It’s that Wednesday again. Time to get some insecurities out….confessions r us! Be sure to visit the IWSG site to read what others have to share!
I want to write. I want to write and write and write and I want to publish and make lots of money doing it. At times I think, “Why don’t I just write a cheesy little novel that is all vampire, or wolf, or Fairy, or whatever just so I can publish it and have a book done and sell it like crazy hotcakes on a winter’s day down in the south with Mama Jamma…!!! Why the heck not? It can’t be hard, right?
Then I realize the truth. I’m just not that kind of writer. And after I take into consideration that my novels are deeply layered story ideas that have a lot going on in them and that those are the type of books that are INSIDE me…then I sit back and sigh. I have two books written, two books that need editing, and I’ve got a few works in progress. I can either get lost in the maze of getting something out fast and publishing it and starting all over again…or I can take what I have inside me and write from the heart.
It’s not the lack of writing…because as I said, I have two books written from beginning to end. How many people can say that? You know? Sure, I need to kick my ass into gear and finish editing the material. And I need to get my one book self-published and I need to get my shit together and push my other manuscript out there to find and agent who will love it as much as me.

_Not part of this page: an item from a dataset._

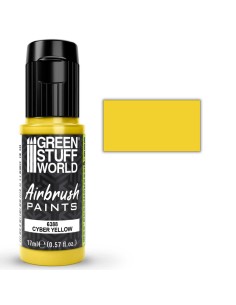 Green Stuff World Peinture aerographe CYBER YELLOW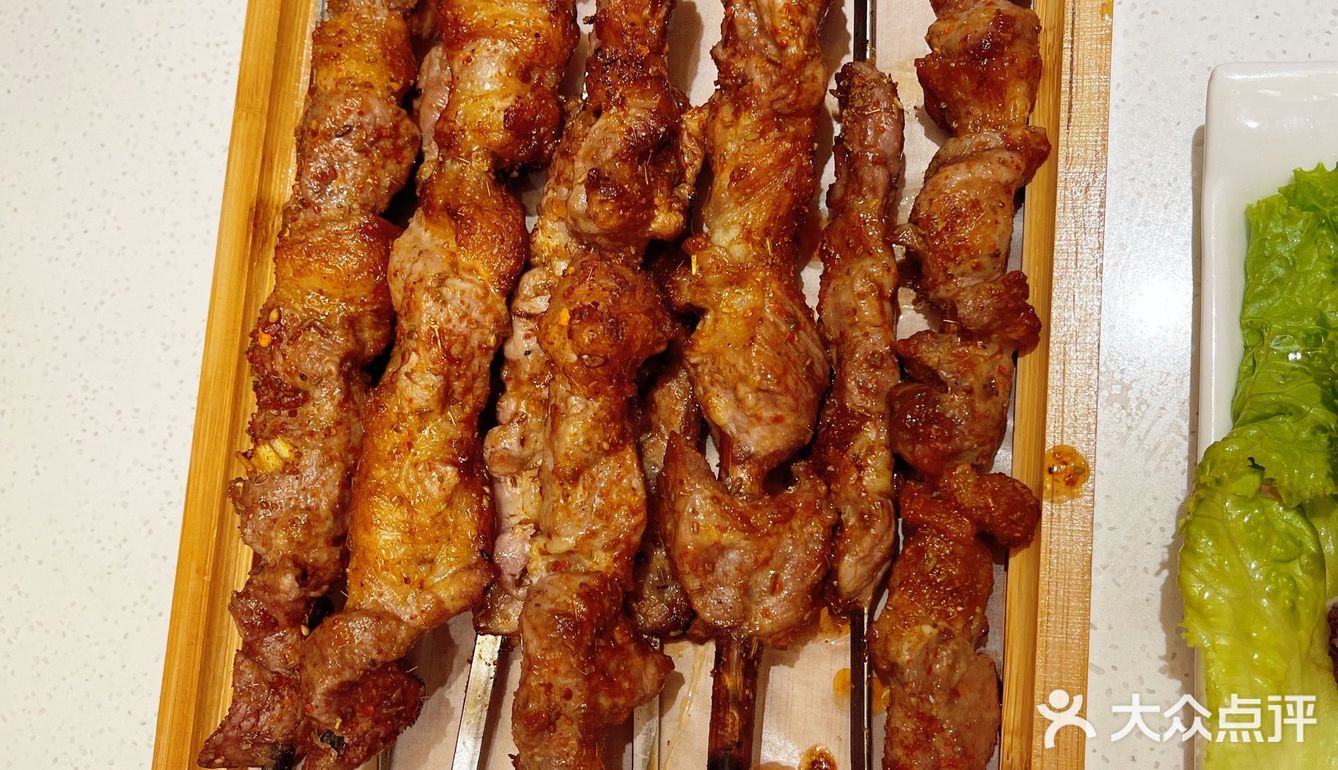 正宗宁夏菜 他家羊肉串满分💯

Still, writing is hard. It’s not always fun either. And sometimes it sucks. Really sucks. But I also don’t want to lose sight of myself or the stories that are inside me. The REAL stories that I have to tell. I’m sure I could push out a wimpy, cheesy book but I would look at it and say…oh my Gosh…why did I lower myself and my standards for something like THAT? I could have spent that time applying my passion and my skills and my knowledge to what I truly want to write.
I have a lot of stuff to write. I have a lot of stuff to scream out at the world ‘read me and read me well!’ But if I keep looking at the kind of writing that is the easy way out, I’ll never be satisfied. More so…frustrated, angry, guilty, and totally stupid for having done that.
My lesson through this post:
Don’t lower yourself or your writing standards. Don’t lose your voice because you are impatient. It’s so not worth it in the long run.